Je regrette de devoir modérer quelque peu l’enthousiasme qui vient de s’exprimer. En effet, cet amendement nous inspire quelques réserves.
L’amendement du Gouvernement pose les jalons, sur le plan juridique, de la création de la nouvelle agence de financement des collectivités locales, habilitée, de fait, à grouper des opérations de levée de ressources financières destinées à être employées en emprunts souscrits par les collectivités locales.
Il s’agit clairement de trouver une solution à la disparition programmée de Dexia, l’ex-Crédit local de France, dont la privatisation en 1996 aura finalement conduit au sinistre que nous connaissons aujourd’hui, sinistre auquel s’ajoute, pour un certain nombre de collectivités locales, comme l’a justement rappelé la discussion, le problème épineux du remboursement des emprunts structurés.
La récente décision rendue dans l’affaire de la Seine-Saint-Denis ne manquera d’ailleurs pas d’inciter Dexia à constituer une provision destinée à couvrir les pertes de recettes qui ne manqueront pas de résulter de la renégociation des emprunts qui devrait s’engager en application de cette jurisprudence.
Dans le schéma proposé par l’amendement gouvernemental, les collectivités locales seraient habilitées à constituer une société anonyme, dont le fondement et l’activité consisteraient à réaliser des émissions de titres de créance, ces titres étant transformés en ressources de financement pour les investissements des collectivités.
Une telle démarche présente à nos yeux plusieurs défauts, dont le moindre n’est pas de risquer de limiter le crédit aux seules collectivités ayant acquitté d’un droit d’entrée suffisant pour participer au capital de la société anonyme et l’un des plus signifiants, celui de limiter la capacité d’emprunt de chaque collectivité au montant de ce droit d’entrée.
Nous avons quelque peu l’impression, mes chers collègues, que la structure choisie sera, à l’expérience, l’outil financier de la nouvelle étape de la décentralisation, dont nous connaissons certains attendus, et qui tend, entre autres, à renforcer le pouvoir des métropoles les plus importantes de notre pays et à accroître le rôle des intercommunalités au détriment, bien souvent, à la fois des départements et des communes.

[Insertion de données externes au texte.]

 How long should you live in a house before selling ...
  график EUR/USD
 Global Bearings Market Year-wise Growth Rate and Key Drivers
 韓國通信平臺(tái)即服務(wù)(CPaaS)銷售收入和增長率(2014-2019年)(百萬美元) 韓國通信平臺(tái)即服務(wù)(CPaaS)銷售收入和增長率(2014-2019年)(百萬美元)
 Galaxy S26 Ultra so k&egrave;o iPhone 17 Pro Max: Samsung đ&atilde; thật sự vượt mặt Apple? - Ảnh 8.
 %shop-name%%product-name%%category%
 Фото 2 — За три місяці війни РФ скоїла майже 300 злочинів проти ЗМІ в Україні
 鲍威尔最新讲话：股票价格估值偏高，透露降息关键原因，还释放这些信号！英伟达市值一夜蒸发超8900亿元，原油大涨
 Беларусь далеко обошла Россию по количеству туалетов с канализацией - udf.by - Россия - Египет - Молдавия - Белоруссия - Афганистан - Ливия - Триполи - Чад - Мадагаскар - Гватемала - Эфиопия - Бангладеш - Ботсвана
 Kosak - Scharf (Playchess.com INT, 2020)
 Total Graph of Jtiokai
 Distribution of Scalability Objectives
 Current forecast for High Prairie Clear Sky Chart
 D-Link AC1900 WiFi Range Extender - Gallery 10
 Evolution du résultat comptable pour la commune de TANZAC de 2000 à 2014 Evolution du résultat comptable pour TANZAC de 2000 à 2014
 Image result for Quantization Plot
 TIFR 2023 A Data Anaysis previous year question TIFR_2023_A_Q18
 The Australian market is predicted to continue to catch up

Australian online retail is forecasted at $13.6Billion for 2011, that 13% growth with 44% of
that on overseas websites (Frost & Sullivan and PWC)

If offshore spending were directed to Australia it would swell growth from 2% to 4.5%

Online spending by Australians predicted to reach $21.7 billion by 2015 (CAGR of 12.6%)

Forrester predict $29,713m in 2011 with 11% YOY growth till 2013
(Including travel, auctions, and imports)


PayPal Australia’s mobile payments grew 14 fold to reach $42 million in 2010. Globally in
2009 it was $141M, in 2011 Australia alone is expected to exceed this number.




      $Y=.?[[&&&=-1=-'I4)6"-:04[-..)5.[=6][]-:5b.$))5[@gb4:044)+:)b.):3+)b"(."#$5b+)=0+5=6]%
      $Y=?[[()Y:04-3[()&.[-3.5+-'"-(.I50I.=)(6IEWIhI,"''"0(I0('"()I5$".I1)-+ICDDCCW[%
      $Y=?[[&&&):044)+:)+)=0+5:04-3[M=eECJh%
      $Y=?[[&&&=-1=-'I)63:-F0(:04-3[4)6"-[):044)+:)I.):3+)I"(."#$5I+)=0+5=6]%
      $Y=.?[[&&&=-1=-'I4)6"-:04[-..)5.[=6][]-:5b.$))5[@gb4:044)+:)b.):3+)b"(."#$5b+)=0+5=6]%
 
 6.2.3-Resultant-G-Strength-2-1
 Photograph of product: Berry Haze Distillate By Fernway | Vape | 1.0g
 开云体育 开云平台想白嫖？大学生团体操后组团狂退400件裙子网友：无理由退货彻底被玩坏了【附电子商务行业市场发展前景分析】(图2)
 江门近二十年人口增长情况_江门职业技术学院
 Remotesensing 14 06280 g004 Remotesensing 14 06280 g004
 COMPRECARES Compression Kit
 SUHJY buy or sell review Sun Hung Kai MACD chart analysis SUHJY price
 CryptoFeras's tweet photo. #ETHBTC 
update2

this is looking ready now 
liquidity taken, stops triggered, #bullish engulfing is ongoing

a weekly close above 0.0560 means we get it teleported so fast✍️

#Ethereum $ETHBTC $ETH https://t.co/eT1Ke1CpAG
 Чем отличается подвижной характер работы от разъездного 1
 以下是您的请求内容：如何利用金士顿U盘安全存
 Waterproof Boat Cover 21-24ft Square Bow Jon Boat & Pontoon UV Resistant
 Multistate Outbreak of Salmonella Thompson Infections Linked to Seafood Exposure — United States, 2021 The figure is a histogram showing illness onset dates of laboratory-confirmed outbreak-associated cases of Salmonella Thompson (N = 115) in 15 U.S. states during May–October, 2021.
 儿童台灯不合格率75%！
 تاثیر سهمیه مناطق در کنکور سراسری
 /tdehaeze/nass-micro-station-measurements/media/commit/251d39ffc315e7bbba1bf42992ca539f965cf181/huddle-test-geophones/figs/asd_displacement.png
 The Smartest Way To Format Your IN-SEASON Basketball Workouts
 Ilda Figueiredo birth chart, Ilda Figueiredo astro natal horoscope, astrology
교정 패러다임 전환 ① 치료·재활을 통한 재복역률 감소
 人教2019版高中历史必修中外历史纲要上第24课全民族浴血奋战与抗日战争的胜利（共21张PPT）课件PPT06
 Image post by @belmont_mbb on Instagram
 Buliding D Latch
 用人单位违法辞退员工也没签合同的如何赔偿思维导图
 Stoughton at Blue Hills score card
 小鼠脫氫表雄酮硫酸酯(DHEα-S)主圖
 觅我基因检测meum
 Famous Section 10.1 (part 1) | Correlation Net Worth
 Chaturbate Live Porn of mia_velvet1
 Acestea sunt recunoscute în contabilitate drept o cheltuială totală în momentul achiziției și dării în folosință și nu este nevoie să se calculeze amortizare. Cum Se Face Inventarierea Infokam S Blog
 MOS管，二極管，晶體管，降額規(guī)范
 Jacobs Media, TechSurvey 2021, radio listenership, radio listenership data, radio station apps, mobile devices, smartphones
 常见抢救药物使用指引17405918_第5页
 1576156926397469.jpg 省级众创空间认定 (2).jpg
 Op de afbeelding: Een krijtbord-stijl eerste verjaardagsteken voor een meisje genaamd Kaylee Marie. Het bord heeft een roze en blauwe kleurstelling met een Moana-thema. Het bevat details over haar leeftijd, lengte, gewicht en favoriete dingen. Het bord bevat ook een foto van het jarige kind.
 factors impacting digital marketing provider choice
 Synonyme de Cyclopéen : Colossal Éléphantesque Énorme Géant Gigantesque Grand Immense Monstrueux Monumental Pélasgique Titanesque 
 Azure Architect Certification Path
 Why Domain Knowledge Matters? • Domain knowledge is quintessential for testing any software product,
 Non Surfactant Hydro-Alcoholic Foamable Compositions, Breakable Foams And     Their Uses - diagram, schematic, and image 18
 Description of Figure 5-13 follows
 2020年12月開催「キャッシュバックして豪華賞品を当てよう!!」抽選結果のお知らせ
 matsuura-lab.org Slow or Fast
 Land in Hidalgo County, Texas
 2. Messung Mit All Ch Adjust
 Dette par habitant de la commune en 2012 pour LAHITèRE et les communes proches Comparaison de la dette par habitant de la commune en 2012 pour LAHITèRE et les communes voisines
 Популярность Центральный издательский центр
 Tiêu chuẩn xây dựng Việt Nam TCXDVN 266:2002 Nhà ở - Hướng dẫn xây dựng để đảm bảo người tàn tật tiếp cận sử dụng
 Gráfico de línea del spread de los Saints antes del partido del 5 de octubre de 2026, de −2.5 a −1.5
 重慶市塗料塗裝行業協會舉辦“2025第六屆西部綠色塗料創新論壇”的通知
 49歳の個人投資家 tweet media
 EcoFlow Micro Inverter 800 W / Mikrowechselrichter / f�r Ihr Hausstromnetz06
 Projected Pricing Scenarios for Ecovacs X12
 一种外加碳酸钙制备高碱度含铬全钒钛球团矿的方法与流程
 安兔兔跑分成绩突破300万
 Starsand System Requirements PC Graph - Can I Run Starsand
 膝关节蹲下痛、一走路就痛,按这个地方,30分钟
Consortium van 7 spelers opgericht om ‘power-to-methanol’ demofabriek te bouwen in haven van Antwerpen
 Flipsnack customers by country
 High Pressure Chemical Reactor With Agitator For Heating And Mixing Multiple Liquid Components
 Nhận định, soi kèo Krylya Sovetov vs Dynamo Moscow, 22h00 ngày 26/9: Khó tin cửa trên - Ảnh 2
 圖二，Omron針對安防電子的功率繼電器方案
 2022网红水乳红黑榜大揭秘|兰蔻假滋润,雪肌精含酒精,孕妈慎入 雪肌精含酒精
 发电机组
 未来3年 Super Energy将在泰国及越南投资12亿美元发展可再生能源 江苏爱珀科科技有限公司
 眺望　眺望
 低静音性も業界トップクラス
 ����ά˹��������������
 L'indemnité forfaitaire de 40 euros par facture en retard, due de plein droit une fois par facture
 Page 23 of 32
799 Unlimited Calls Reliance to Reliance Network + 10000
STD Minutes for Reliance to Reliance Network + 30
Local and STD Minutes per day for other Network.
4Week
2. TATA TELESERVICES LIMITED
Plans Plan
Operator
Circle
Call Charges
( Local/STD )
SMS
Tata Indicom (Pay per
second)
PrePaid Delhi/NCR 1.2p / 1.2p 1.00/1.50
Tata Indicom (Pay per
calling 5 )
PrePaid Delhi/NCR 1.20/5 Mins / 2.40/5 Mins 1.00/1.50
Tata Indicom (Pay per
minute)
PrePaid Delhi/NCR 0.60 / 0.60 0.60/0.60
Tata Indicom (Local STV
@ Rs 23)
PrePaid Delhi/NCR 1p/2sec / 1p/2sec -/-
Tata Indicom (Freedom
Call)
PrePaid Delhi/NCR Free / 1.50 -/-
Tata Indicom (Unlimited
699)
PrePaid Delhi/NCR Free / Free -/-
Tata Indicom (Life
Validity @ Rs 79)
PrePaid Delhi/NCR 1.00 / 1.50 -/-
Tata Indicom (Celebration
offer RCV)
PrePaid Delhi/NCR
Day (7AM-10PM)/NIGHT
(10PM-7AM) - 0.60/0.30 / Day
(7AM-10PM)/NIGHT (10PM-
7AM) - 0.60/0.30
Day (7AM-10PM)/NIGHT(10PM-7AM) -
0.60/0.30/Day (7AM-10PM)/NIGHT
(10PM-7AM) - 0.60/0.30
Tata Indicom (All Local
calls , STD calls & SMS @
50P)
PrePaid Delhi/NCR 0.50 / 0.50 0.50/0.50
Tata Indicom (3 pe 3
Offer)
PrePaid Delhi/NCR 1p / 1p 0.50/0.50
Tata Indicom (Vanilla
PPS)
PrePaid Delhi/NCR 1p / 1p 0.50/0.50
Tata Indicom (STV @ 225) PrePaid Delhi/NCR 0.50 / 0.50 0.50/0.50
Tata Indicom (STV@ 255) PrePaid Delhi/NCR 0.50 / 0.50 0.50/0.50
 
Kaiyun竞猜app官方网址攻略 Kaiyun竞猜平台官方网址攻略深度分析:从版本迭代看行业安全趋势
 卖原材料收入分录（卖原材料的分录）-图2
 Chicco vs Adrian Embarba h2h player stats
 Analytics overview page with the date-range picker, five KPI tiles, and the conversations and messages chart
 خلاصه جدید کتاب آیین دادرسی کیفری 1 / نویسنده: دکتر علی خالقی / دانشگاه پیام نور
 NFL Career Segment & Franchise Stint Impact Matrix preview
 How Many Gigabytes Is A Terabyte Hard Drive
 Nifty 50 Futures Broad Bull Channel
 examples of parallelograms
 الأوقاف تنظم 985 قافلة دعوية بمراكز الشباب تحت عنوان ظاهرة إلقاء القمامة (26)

Le résultat sera aussi de développer plus encore cette notion de plus en plus contestable de « chef de filat » qui tend à créer une sorte de hiérarchie entre collectivités territoriales au détriment du plus grand nombre. Cette idée, vous le savez, inquiète beaucoup d’élus.
L’agence de financement des collectivités locales ne peut, à notre sens, devenir l’instrument de l’inégalité territoriale au travers d’une sélection sans cesse plus sévère des collectivités qui auraient accès au crédit pour mener des politiques d’investissement et de développement local.
Il apparaît, de surcroît, que cette agence pourrait être rendue encore plus opérationnelle à plusieurs conditions.
D’abord, en associant au capital autant l’État que les collectivités locales elles-mêmes. Je fais ici observer que la BNG néerlandaise, la banque des communes aux Pays-Bas, dispose d’un actionnariat partagé pour moitié entre l’État et les collectivités locales. Certes, la structure et la taille des collectivités locales néerlandaises sont assez nettement différentes de celles des collectivités françaises puisque les Pays-Bas ne comptent que 12 provinces et 415 communes de plein exercice. Il importe aussi de noter que les emprunts souscrits par la BNG – en général, des émissions obligataires dont la collecte est ensuite démembrée en ressources pour les collectivités – bénéficient de la garantie de l’État.
De la même manière, nous pourrions également aller plus loin, mes chers collègues, en posant les principes d’une gestion peu ou pas intéressée de la société de financement. Il serait ainsi envisageable de limiter, par exemple, le montant des dividendes susceptibles d’être versés aux actionnaires ou de réaffecter les bénéfices réalisés soit à l’amélioration des fonds propres, soit à la réalisation de certains investissements socialement utiles.
Enfin, on peut presque se demander si la nouvelle agence de financement des collectivités locales ne pourrait adopter la forme d’une entité coopérative, où la force des uns – les plus grandes collectivités – viendrait compenser la « faiblesse » éventuelle des autres – les plus petites communes ou établissements de coopération intercommunale, par exemple.
L’amendement du Gouvernement est donc largement perfectible et ne peut nous satisfaire tout à fait, car nous ne pensons pas qu’il apporte la bonne réponse à une juste question. Nous opterons donc pour l’abstention.